Despite the weight of the Avengers’ mission, this was laugh-out-loud funny. Somewhat surprisingly, Thor (Chris Hemsworth) provided most of the comic relief. The end of the movie has one of the biggest – if not the biggest – fight scenes in cinematic history. It was amazing.

This movie may be three hours long, but it’s totally worth it.


Who Ya Gonna Call? Ghostbusters 2016

On Friday night, I saw the remake of Ghostbusters.  I’d seen parts of the original, so I definitely wanted to see this one.  And you can’t go wrong with Melissa McCarthy anyway.

It was really funny.  Even Mom was laughing out loud.  But I should start with the story first.  After her past comes back to haunt her, Dr. Erin Gilbert (Kristen Wiig) loses her chance of tenure at Columbia.  When she gets fired, she confronts her friend who released her book to the public, and who worked on the book with her.  Her friend, Abby Yates (Melissa McCarthy), didn’t back down, standing by her decision to put their book online.  Everybody thought it was nonsense.  But soon enough, they see their first ghost.

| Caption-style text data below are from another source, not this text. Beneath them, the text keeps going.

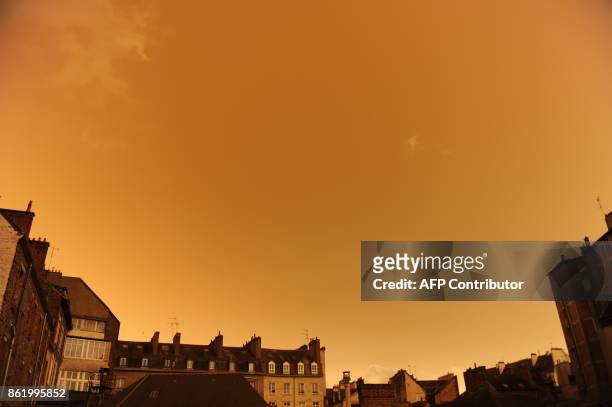Picture taken on October 16 in central Rennes, western France, shows rooftops and the sky after it turned a yellow-ochre colour due to sand from the...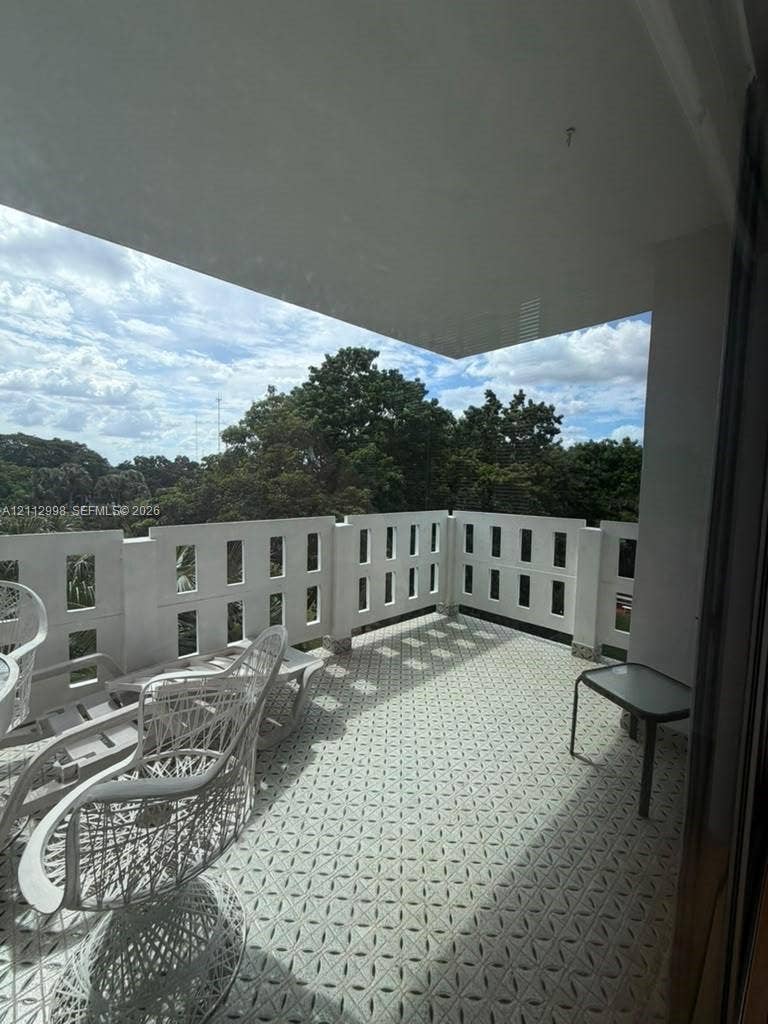 Covered balcony featuring geometric patterned tile flooring and a decorative concrete balustrade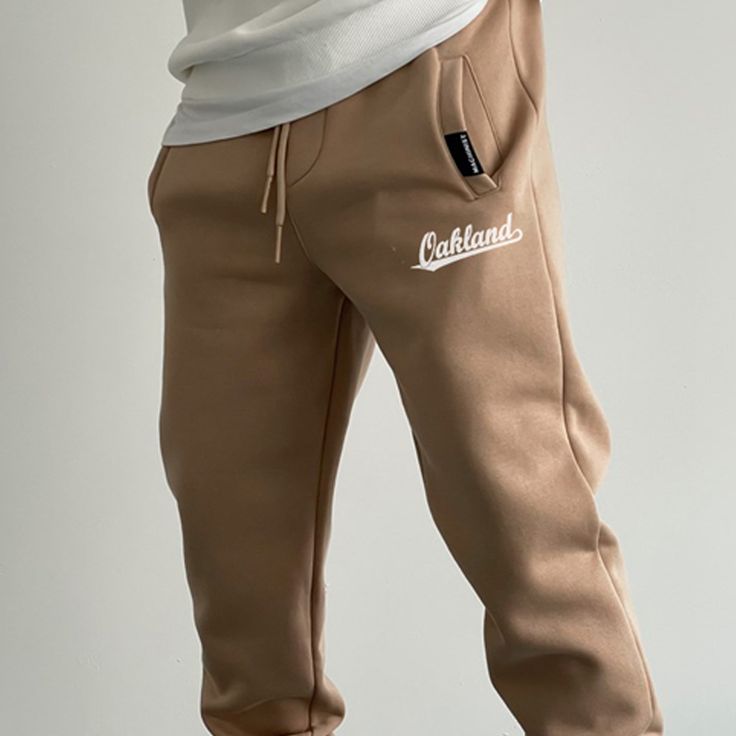 Oakland Fleece Sweatpants Fleece Joggers For Leisure, Casual Fleece Pants For Loungewear, Sportswear Bottoms With Ribbed Cuffs For Leisure, Comfortable Fleece Leisure Pants, Comfortable Fleece Pants For Leisure, Sporty Beige Sweatpants For Streetwear, Relaxed Fit Fleece Bottoms With Letter Print, Casual Beige Sweatpants For Winter, Sportswear Fleece Pants With Ribbed Cuffs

Now to the cast.  They didn’t disappoint.  Some of the actors from the original made cameos, which was really cool.   I’d like to address Chris Hemsworth’s character in the movie.  He was actually most of the comedy, being the eye candy yet stupid receptionist.  I don’t remember where, but I saw a post about how someone was really disappointed about this.  But, if you think about it, his character was a profound yet  subtle role reversal.  How many times has the receptionist type character in movies been a stupid woman who only serves as eye candy for her male coworkers – her looks being the only reason she still has the job?  The same role has now been projected on Chris Hemsworth’s character, Kevin.  It takes him pretty much the entire movie just to figure out how to answer the phone.  This movie seems to turn everything around gender roles on its head.